In rechtlicher Hinsicht führte die belangte Behörde aus, die Voraussetzungen zur Erlassung einer Ausweisung im Grunde des § 53 FPG seien gegeben, weil der Beschwerdeführer über keinen Aufenthaltstitel verfüge. Mit der Ausweisung sei zwar von einem Eingriff in das Privat- und Familienleben des Beschwerdeführers auszugehen. Dieser habe jedoch gegen fremdenrechtliche Bestimmungen verstoßen und dadurch seine Missachtung fremdenrechtlich bedeutender Normen klar und eindeutig zu erkennen gegeben. Die aus der Dauer seines inländischen Aufenthaltes ableitbare Integration sei in ihrem Gewicht dadurch entscheidend gemindert, dass sein Aufenthalt im Bundesgebiet nur auf Grund eines Asylantrages, der sich als unberechtigt erwiesen habe, vorläufig berechtigt gewesen sei und nach rechtskräftiger Abweisung des Asylantrages unrechtmäßig sei. Der Beschwerdeführer habe sich seines unsicheren aufenthaltsrechtlichen Status bewusst sein müssen.
Den im Hinblick darauf stark relativierten persönlichen Interessen des Beschwerdeführers stehe die durch seinen unrechtmäßigen Aufenthalt bewirkte erhebliche Beeinträchtigung des großen öffentlichen Interesses an der Einhaltung der die Einreise und den Aufenthalt von Fremden regelnden Vorschriften, denen aus der Sicht des Schutzes und der Aufrechterhaltung der öffentlichen Ordnung ein hoher Stellenwert zukomme, gegenüber. Die angeführten persönlichen Bindungen des Beschwerdeführers in Österreich stellten - auch nach den in der Judikatur des EGMR dargestellten Kriterien - keine besonderen Umstände im Sinn des Art. 8 EMRK dar, die es dem Beschwerdeführer unzumutbar machen würden, für die Dauer eines ordnungsgemäß geführten Verfahrens zur Erteilung eines Aufenthaltstitels von Österreich auszureisen. Der Eingriff in das Privat- und Familienleben des Beschwerdeführers erweise sich zur Erreichung der im Art. 8 Abs. 2 EMRK genannten Ziele, nämlich zur Aufrechterhaltung der öffentlichen Ordnung auf dem Gebiet des Fremdenwesens, als dringend geboten und zulässig im Sinn des § 66 FPG.

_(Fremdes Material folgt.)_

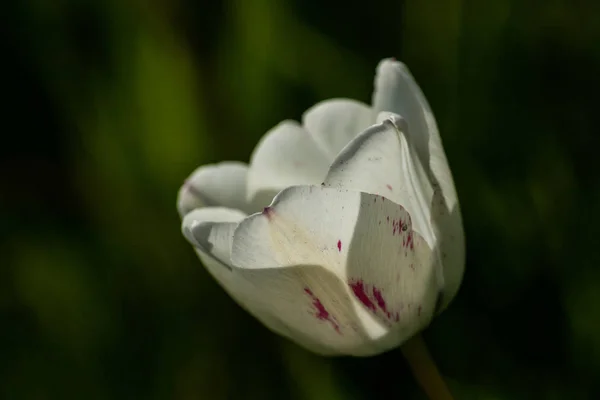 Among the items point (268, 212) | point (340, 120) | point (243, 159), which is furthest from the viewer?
point (243, 159)

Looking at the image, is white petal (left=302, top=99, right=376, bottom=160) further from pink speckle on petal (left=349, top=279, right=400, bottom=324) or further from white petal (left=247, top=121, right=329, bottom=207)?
pink speckle on petal (left=349, top=279, right=400, bottom=324)

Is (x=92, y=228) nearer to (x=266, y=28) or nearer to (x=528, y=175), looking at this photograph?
(x=266, y=28)

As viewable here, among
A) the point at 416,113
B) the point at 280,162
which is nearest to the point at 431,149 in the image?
the point at 416,113

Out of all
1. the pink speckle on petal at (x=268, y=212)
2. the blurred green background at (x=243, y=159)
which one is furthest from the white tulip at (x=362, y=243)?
the blurred green background at (x=243, y=159)

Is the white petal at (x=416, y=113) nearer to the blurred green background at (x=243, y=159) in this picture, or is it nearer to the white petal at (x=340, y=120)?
the white petal at (x=340, y=120)

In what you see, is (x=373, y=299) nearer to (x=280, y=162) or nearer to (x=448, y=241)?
(x=448, y=241)

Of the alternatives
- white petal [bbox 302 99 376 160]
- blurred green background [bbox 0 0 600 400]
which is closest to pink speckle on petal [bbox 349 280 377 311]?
white petal [bbox 302 99 376 160]

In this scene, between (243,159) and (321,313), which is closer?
(321,313)

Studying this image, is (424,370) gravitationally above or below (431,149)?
below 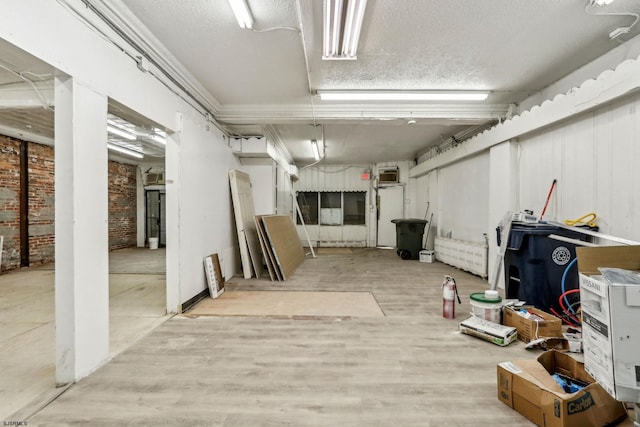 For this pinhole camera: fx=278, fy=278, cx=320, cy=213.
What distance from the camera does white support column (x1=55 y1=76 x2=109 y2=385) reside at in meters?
1.86

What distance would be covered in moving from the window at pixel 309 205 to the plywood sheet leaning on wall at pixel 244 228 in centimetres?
416

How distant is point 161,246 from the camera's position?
927 cm

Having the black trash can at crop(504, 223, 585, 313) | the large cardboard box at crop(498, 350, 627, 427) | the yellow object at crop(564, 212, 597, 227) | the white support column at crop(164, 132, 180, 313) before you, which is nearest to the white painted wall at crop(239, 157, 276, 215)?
the white support column at crop(164, 132, 180, 313)

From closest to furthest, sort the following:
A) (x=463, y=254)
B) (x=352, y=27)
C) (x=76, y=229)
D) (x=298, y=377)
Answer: (x=76, y=229) < (x=298, y=377) < (x=352, y=27) < (x=463, y=254)

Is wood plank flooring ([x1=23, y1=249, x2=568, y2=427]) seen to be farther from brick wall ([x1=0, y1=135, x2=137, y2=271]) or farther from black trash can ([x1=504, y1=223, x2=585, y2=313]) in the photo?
brick wall ([x1=0, y1=135, x2=137, y2=271])

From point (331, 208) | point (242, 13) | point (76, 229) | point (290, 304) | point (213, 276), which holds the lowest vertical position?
point (290, 304)

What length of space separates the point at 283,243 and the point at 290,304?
6.76ft

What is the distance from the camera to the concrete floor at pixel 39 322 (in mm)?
1839

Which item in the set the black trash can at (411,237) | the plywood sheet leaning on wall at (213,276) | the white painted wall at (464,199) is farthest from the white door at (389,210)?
the plywood sheet leaning on wall at (213,276)

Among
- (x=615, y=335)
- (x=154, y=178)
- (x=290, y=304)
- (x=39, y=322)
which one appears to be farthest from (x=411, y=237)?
(x=154, y=178)

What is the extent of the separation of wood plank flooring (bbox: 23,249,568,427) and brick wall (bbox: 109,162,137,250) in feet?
23.4

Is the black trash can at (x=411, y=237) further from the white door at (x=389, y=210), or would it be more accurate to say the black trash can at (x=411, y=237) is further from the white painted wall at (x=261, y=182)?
the white painted wall at (x=261, y=182)

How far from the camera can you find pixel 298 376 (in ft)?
6.57

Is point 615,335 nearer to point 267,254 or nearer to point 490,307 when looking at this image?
point 490,307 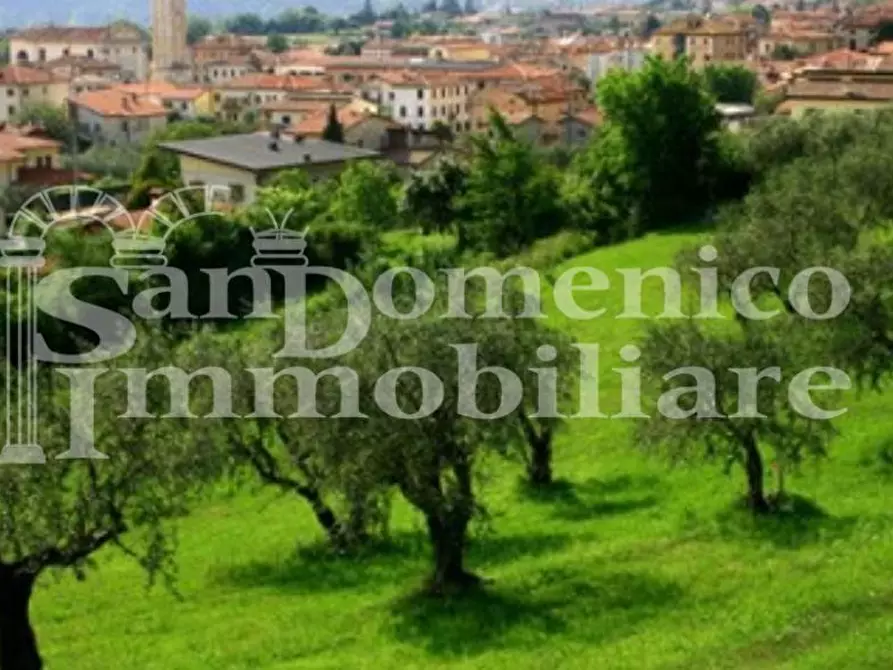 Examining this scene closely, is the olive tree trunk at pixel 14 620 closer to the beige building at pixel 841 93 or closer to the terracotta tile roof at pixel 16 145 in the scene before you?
the beige building at pixel 841 93

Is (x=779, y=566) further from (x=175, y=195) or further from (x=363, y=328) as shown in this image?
(x=175, y=195)

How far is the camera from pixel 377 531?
19812 mm

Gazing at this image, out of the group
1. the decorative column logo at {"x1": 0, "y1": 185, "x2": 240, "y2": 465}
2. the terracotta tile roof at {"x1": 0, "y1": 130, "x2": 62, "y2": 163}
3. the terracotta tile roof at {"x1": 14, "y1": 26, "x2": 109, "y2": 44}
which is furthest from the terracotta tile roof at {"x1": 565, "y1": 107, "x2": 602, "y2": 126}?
the terracotta tile roof at {"x1": 14, "y1": 26, "x2": 109, "y2": 44}

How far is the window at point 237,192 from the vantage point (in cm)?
5012

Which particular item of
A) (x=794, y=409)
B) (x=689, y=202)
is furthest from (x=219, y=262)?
(x=794, y=409)

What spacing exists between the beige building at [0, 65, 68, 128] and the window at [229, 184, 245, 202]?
147 ft

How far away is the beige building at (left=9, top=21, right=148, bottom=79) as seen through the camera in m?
152

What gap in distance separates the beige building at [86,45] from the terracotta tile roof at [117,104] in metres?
61.6

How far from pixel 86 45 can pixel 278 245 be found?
393 feet

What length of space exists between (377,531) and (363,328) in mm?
3525

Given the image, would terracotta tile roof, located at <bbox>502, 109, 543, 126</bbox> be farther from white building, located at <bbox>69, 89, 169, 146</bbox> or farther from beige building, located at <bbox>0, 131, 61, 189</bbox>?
beige building, located at <bbox>0, 131, 61, 189</bbox>

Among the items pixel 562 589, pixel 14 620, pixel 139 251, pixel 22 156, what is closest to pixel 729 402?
pixel 562 589

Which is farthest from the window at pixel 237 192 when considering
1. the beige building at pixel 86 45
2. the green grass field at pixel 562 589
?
the beige building at pixel 86 45

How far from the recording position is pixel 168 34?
148 metres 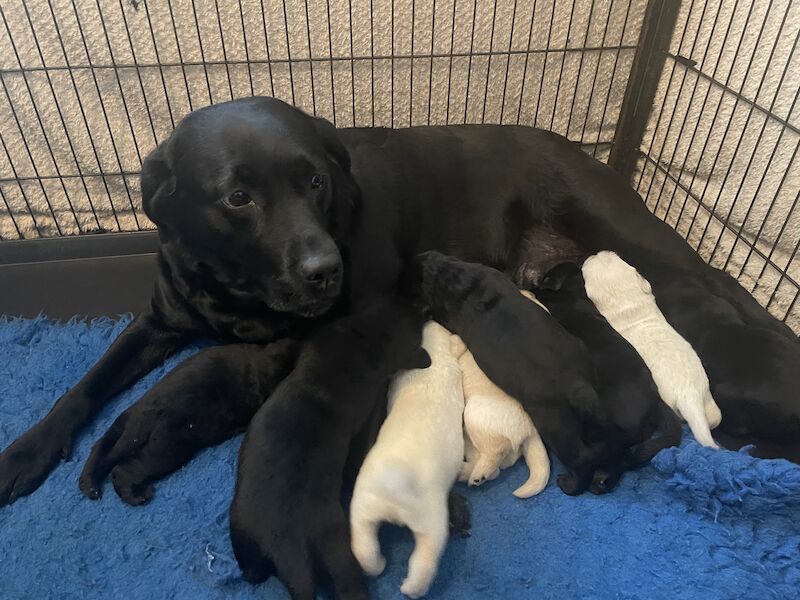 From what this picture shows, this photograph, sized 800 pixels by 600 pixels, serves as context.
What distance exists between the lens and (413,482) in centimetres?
113

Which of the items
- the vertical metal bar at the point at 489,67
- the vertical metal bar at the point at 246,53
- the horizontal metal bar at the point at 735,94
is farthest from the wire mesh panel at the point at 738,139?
the vertical metal bar at the point at 246,53

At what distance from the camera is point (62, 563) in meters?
1.30

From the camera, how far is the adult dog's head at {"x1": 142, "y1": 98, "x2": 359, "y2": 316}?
130 cm

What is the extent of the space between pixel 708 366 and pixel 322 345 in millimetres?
923

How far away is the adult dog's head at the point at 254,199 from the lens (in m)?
1.30

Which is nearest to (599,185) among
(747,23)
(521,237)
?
(521,237)

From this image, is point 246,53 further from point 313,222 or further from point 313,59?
point 313,222

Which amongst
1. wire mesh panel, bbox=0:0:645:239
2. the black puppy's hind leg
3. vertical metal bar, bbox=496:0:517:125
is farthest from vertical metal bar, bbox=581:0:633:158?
the black puppy's hind leg

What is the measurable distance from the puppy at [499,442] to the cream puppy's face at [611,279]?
0.41 m

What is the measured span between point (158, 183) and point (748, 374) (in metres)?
1.41

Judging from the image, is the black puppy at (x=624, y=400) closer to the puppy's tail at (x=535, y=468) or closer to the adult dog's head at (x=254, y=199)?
the puppy's tail at (x=535, y=468)

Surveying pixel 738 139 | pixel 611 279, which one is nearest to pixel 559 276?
pixel 611 279

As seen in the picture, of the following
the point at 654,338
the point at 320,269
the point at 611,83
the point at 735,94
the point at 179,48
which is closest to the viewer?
the point at 320,269

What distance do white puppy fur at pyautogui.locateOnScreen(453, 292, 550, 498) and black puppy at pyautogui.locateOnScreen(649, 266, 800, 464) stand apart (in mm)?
447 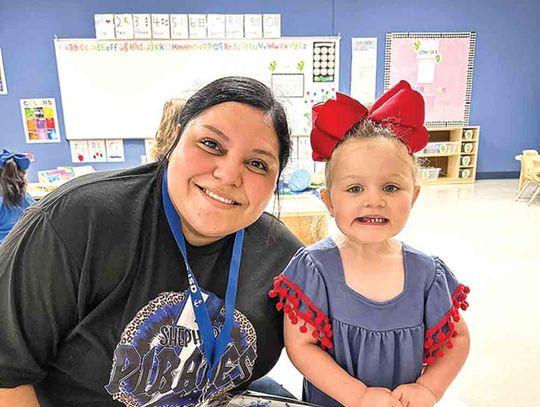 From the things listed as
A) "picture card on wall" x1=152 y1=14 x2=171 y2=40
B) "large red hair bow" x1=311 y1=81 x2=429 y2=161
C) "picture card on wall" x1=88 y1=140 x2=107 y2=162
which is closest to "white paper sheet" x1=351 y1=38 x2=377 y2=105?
"picture card on wall" x1=152 y1=14 x2=171 y2=40

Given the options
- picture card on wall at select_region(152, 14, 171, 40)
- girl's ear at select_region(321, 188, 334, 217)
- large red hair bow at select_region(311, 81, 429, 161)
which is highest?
picture card on wall at select_region(152, 14, 171, 40)

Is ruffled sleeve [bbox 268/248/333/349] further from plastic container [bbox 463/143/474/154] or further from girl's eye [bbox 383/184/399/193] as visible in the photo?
plastic container [bbox 463/143/474/154]

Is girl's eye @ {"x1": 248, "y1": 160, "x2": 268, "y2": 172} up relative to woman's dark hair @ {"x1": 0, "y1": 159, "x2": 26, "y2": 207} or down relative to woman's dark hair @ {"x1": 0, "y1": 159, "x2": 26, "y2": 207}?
up

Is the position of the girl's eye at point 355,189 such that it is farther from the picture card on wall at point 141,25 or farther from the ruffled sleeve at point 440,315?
the picture card on wall at point 141,25

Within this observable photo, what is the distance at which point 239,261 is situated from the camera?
3.49 ft

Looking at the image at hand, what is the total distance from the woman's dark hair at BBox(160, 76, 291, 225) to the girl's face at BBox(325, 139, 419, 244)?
158mm

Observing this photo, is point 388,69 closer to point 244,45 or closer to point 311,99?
point 311,99

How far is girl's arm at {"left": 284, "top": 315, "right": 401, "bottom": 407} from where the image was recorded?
3.12 ft

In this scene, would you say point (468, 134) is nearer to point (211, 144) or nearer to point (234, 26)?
point (234, 26)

Unter den gegebenen Umständen sei der Beschwerdeführer nicht in der Lage, seinen Aufenthalt im Bundesgebiet vom Inland aus zu legalisieren.
Mangels sonstiger, besonders zu Gunsten des Beschwerdeführers sprechender Umstände habe die belangte Behörde keine Veranlassung gesehen, von der Erlassung der Ausweisung im Rahmen des ihr zustehenden Ermessens Abstand zu nehmen.
II.
Über die gegen diesen Bescheid erhobene Beschwerde hat der Verwaltungsgerichtshof nach Aktenvorlage durch die belangte Behörde erwogen:
Die Beschwerde bestreitet nicht, dass der Beschwerdeführer am illegal nach Österreich eingereist ist, sein Asylantrag mit im Instanzenzug ergangenen Bescheid vom rechtskräftig abgewiesen wurde und sich der Beschwerdeführer seither unrechtmäßig im Bundesgebiet aufhält. Im Hinblick darauf begegnet die Auffassung der belangten Behörde, dass der Tatbestand des § 53 Abs. 1 FPG erfüllt sei, keinen Bedenken.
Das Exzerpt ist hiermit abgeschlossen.